(ACTIVITY): From the line holding "a brick walkway" through the line holding "Pine Tree Farms" below, write out every line exactly; include both of those lines and drop the pictures.

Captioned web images
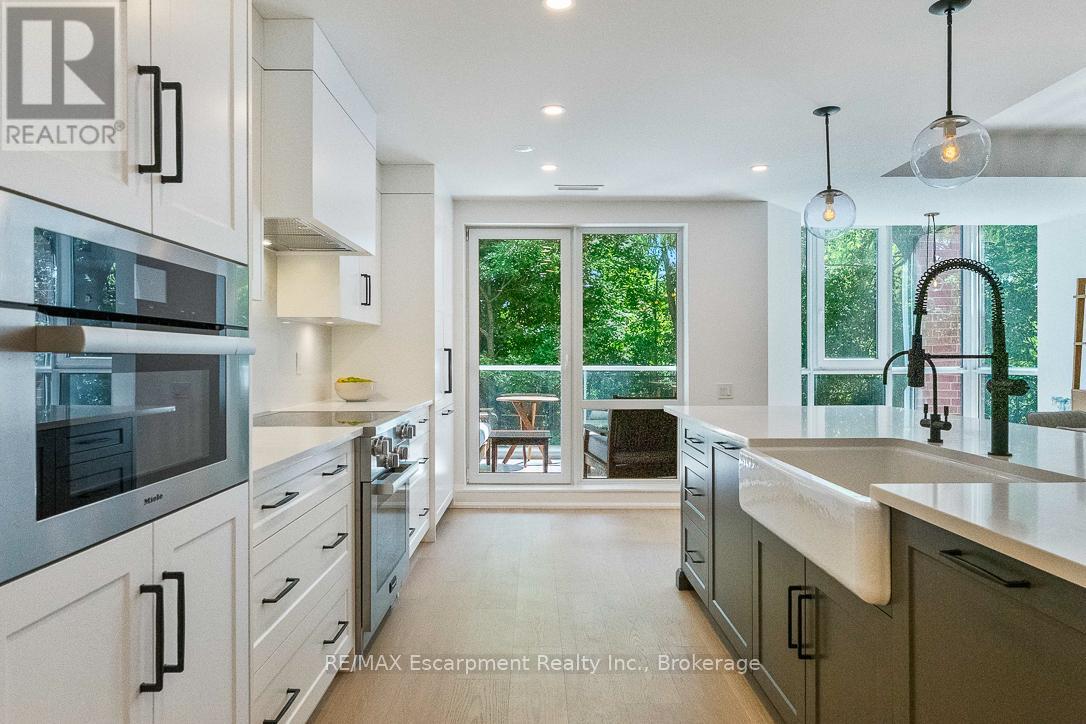 103 - 40 Old Mill Road, Oakville, Ontario  L6J 7W2 - Photo 11 - W12385675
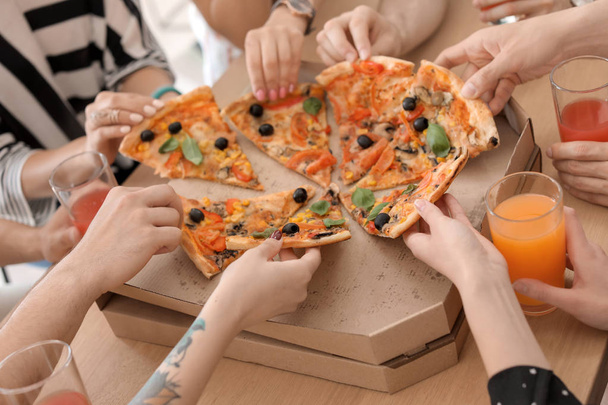 Молодые люди едят вкусную пиццу за столом, крупным планом
 - Фото, изображение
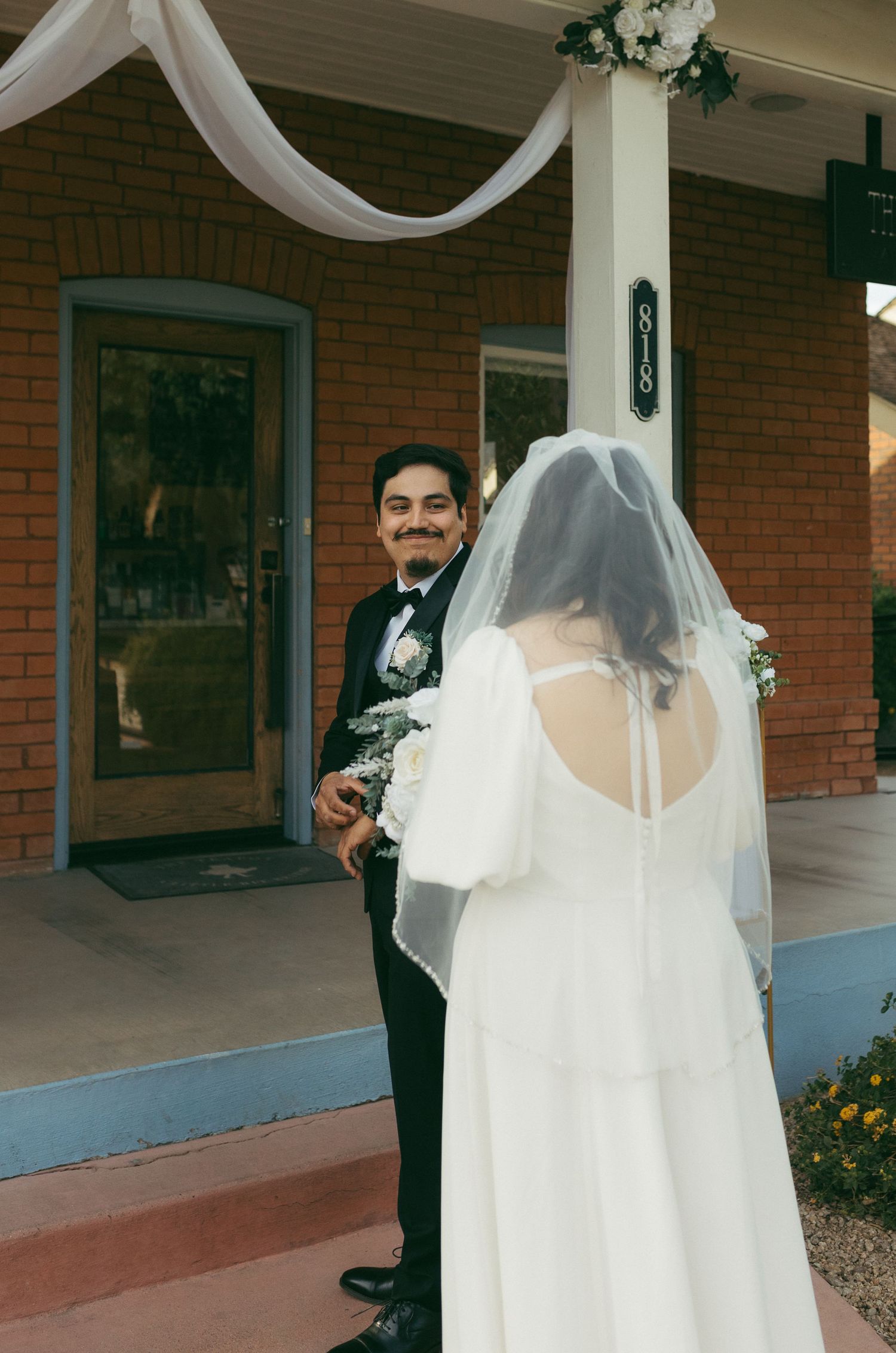 Candid and emotional first look between the bride and groom, captured on film-inspired tones.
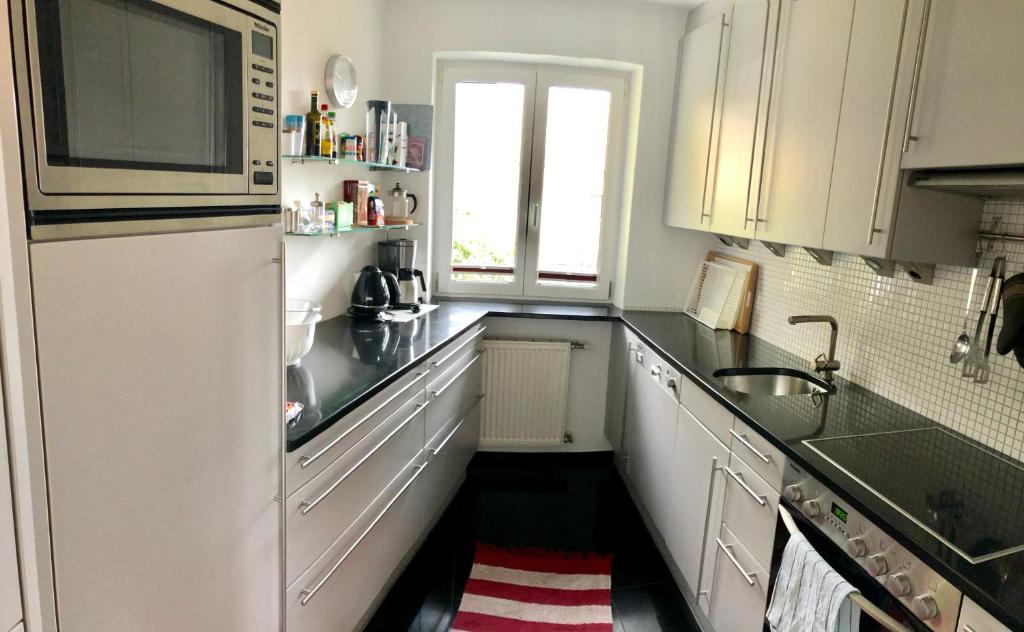 Kuchyň nebo kuchyňský kout v ubytování Ferienhaus am See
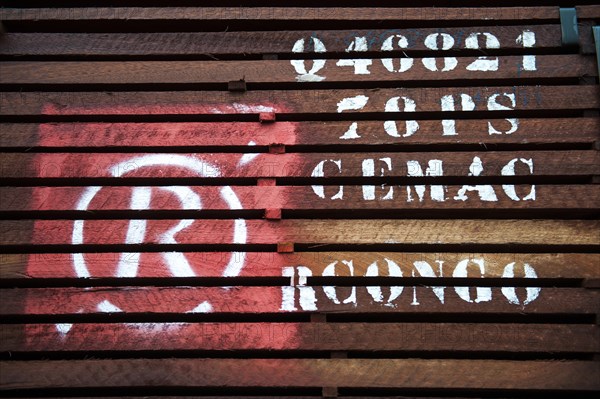 Labeled tropical timber on a truck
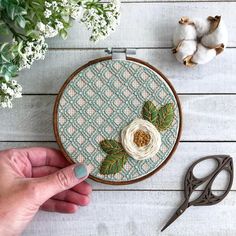 someone is working on an embroidery project with scissors and flowers in front of the hoop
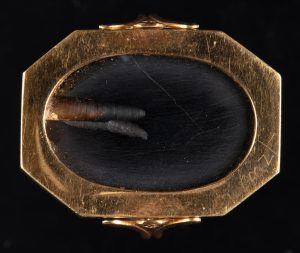 Alternate view of Gold-framed onyx cameo depicting a person riding a two-horse chariot.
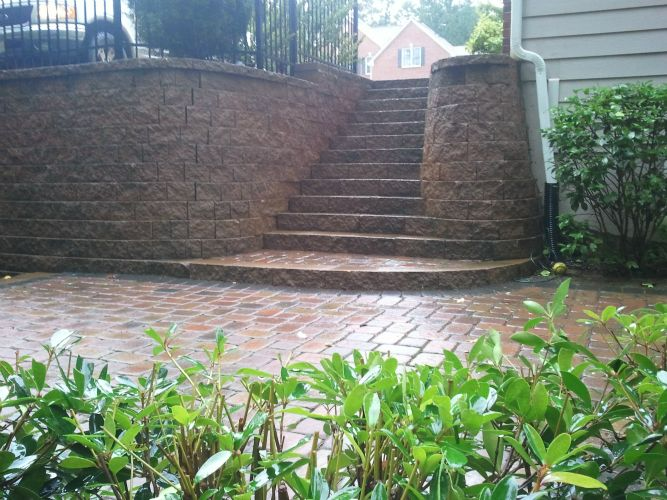 a brick walkway with stairs leading up to a house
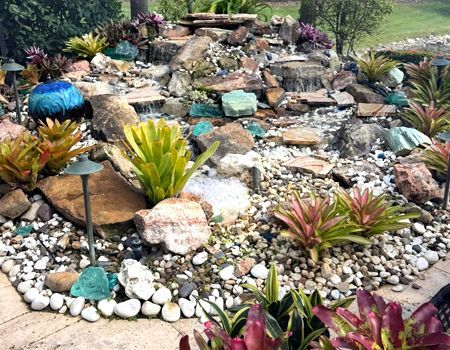 There is a waterfall in the middle of the garden surrounded by rocks and plants.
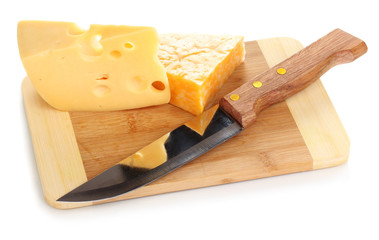 Cheese on cutting board with knife isolated on white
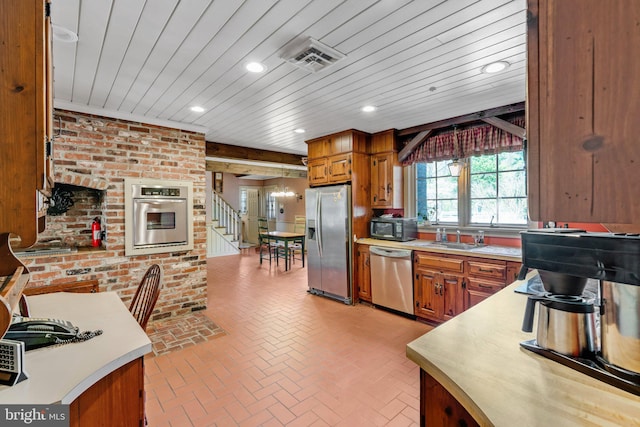 kitchen with wooden ceiling, brick wall, sink, and stainless steel appliances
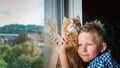 Child boy playing with ginger cat. Little kid with cat near window. Boy snuggling cute pet animal at home. Kids play Royalty Free Stock Photo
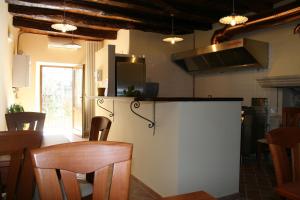 a kitchen with a counter and a table and chairs at Locanda della Corte in Roccamorice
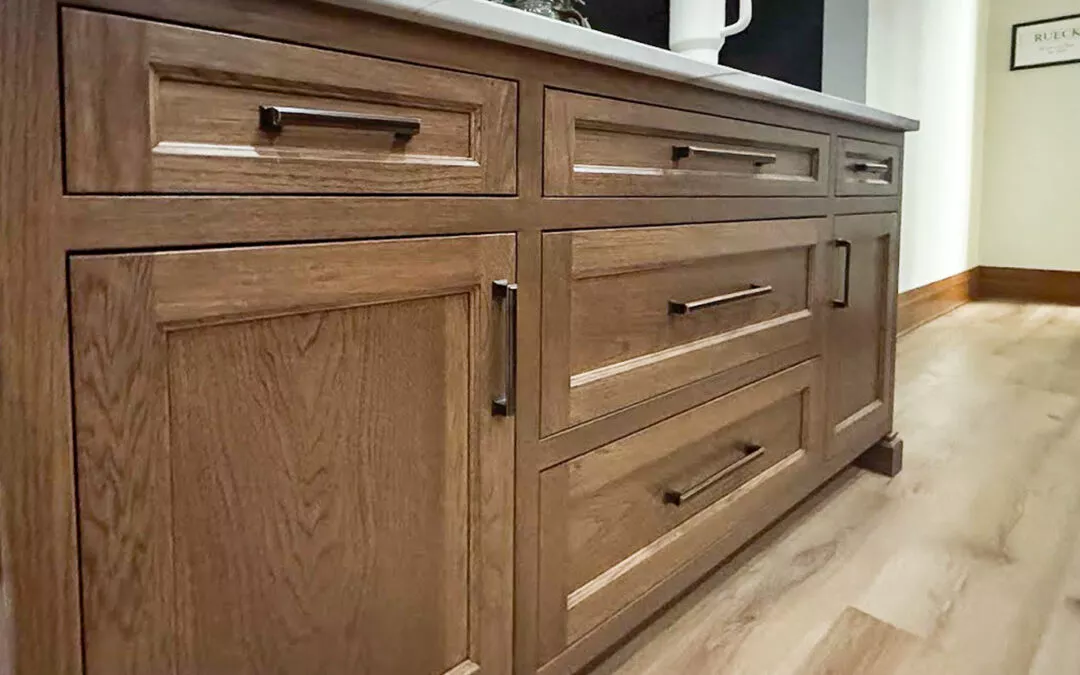 The Woodpecker Sullivan, Illinois Wooden kitchen cabinets with black handles, featuring multiple drawers and cupboards, set on a light wood floor. A countertop with a plant and a white pitcher is visible above.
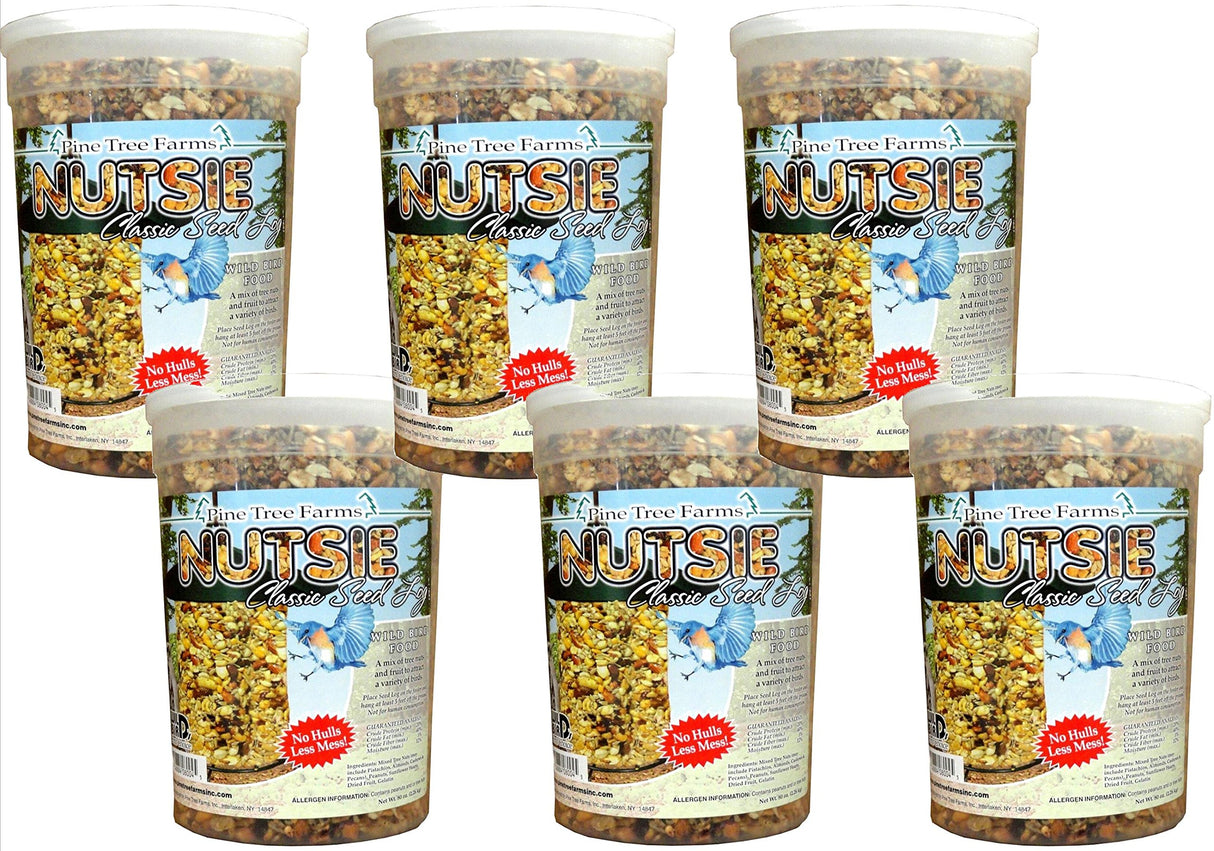 Pine Tree Farms Nutsie Classic Seed Log six-pack showing a vibrant mix of tree nuts, seeds, and dried fruit with a cheerful bluebird and a  prominent No Hulls Less Mess! label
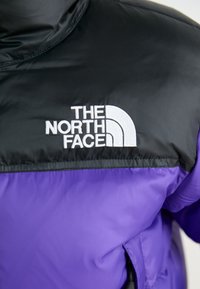 Lilla pufferjakke med svart overdel, med "The North Face" logo i hvit brodering. Glatt tekstur med en lett glans.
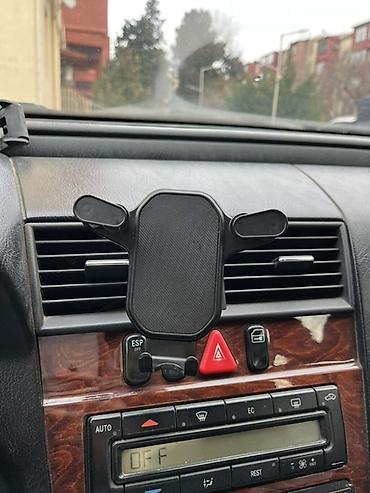 zaslonka nedir: Avtomobil üçün hava çıxışına taxılan telefon tutacağı. Stokda cəmi — 4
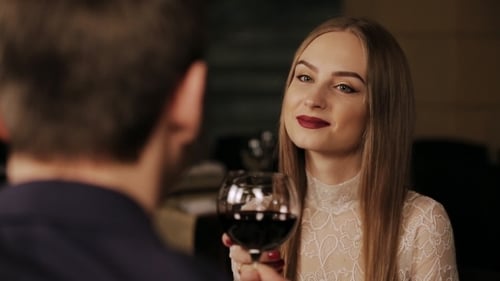 Young Happy Couple On Romantic Date Drinking Glass Of Red Wine
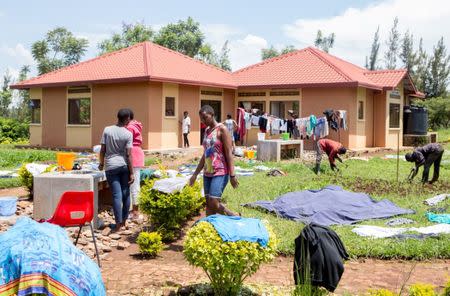 Residents wash their laundry at the Agahozo-Shalom Youth Village (ASYV) built to rehabilitate children who lost their families in the 1994 Rwandan genocide, in Rwamagana, Eastern Province of Rwanda April 1, 2019. Picture taken April 1, 2019. REUTERS/Jean Bizimana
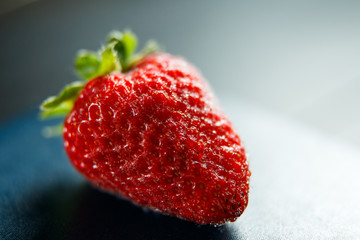 Fresh red strawberry isolated on a black background
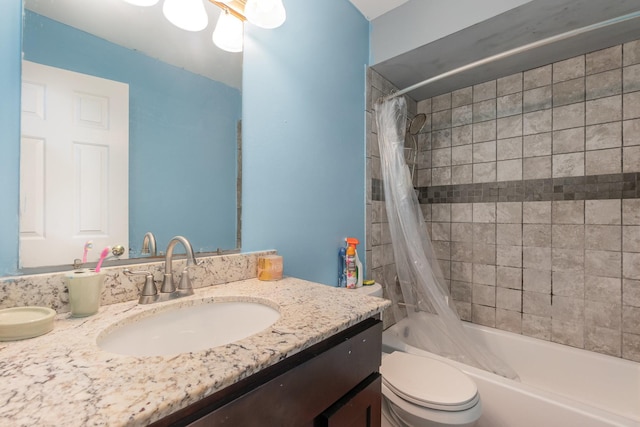 full bathroom with shower / bathtub combination with curtain, vanity, and toilet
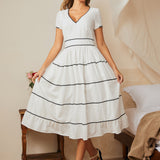 Full-length view of white fit-and-flare dress styled with vintage-inspired heels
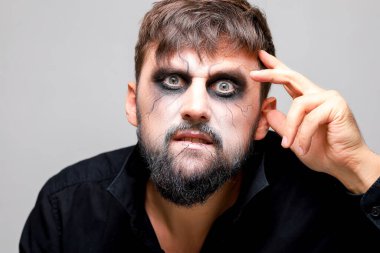 Ölümsüz makyajlı sakallı bir adamın portresi. Elini başının yanında tutuyor.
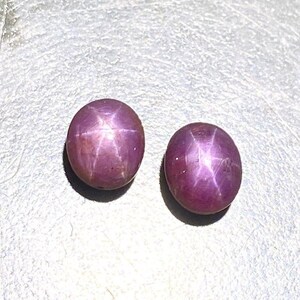Könnte beinhalten: Zwei ovale Sternrubin-Edelsteine. Die Edelsteine haben eine tiefrot-violette Farbe mit einem sechsstrahligen Sternmuster auf der Oberfläche. Die Steine sind glatt und poliert und reflektieren das Licht. Geeignet für die Schmuckherstellung.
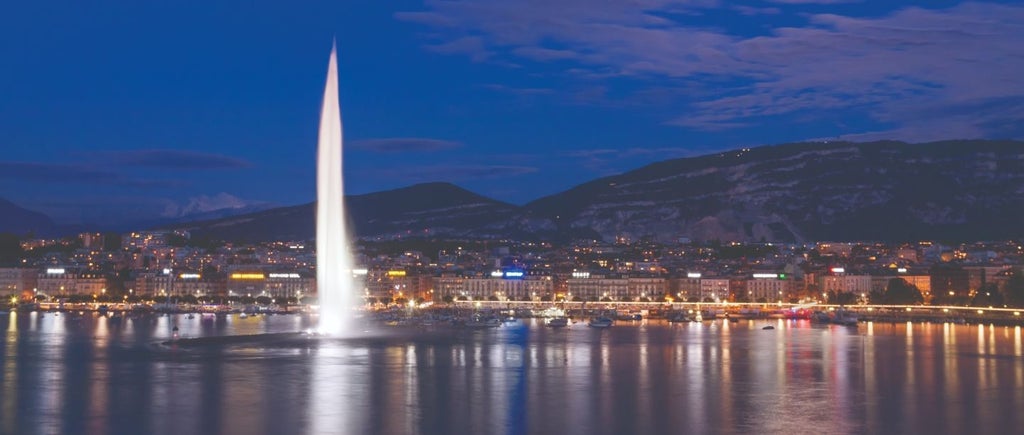 Majestic Fairmont Grand Hotel Geneva overlooking Lake Geneva, with elegant glass facade and ornate architecture reflecting in calm waters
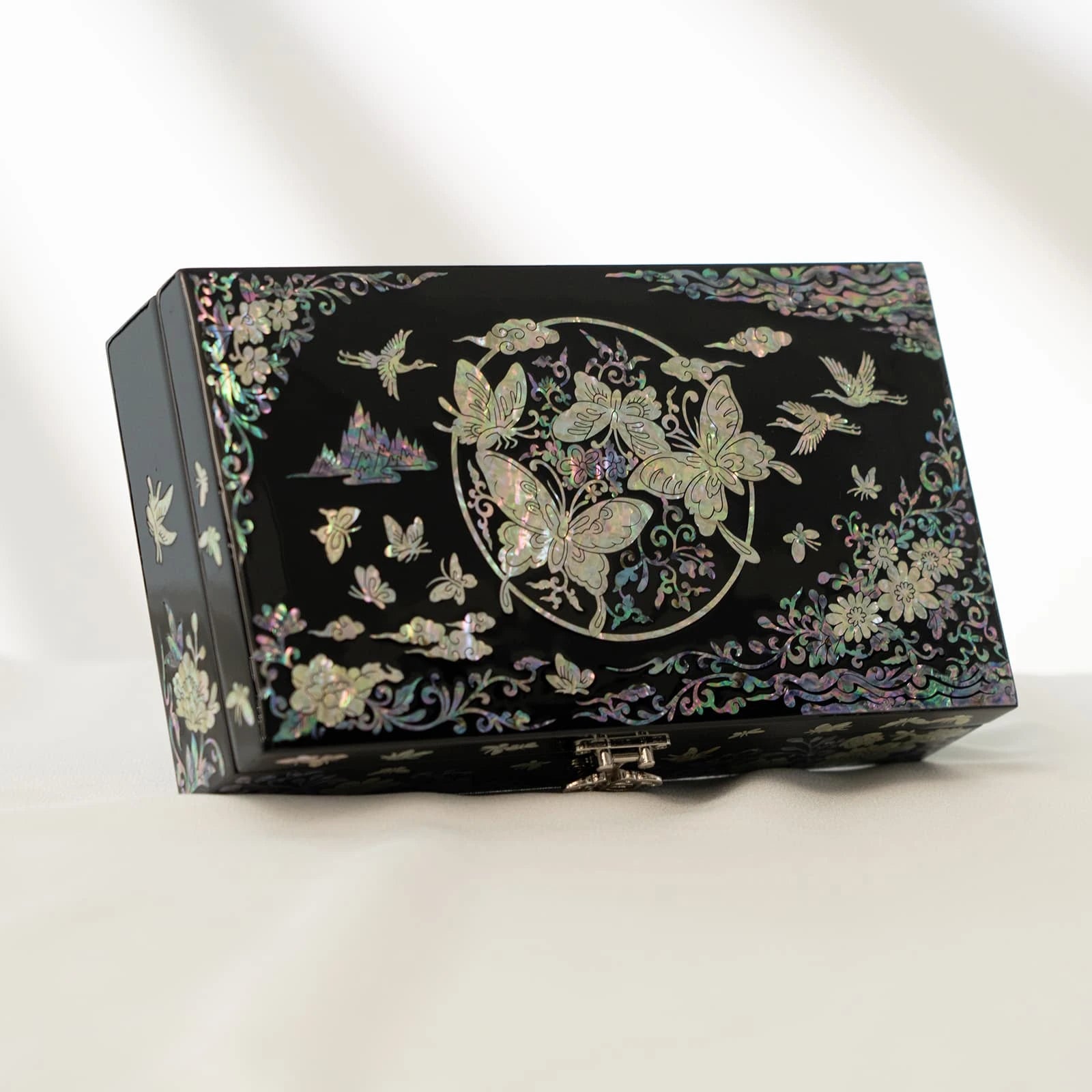 Elegant black jewelry box featuring a striking circular nacre layout with butterflies, mountains, and clouds under subtle lighting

(RESULT):
 a brick walkway with stairs leading up to a house
 There is a waterfall in the middle of the garden surrounded by rocks and plants.
 Cheese on cutting board with knife isolated on white
 kitchen with wooden ceiling, brick wall, sink, and stainless steel appliances
 Child boy playing with ginger cat. Little kid with cat near window. Boy snuggling cute pet animal at home. Kids play Royalty Free Stock Photo
 a kitchen with a counter and a table and chairs at Locanda della Corte in Roccamorice
 The Woodpecker Sullivan, Illinois Wooden kitchen cabinets with black handles, featuring multiple drawers and cupboards, set on a light wood floor. A countertop with a plant and a white pitcher is visible above.
 Pine Tree Farms Nutsie Classic Seed Log six-pack showing a vibrant mix of tree nuts, seeds, and dried fruit with a cheerful bluebird and a  prominent No Hulls Less Mess! label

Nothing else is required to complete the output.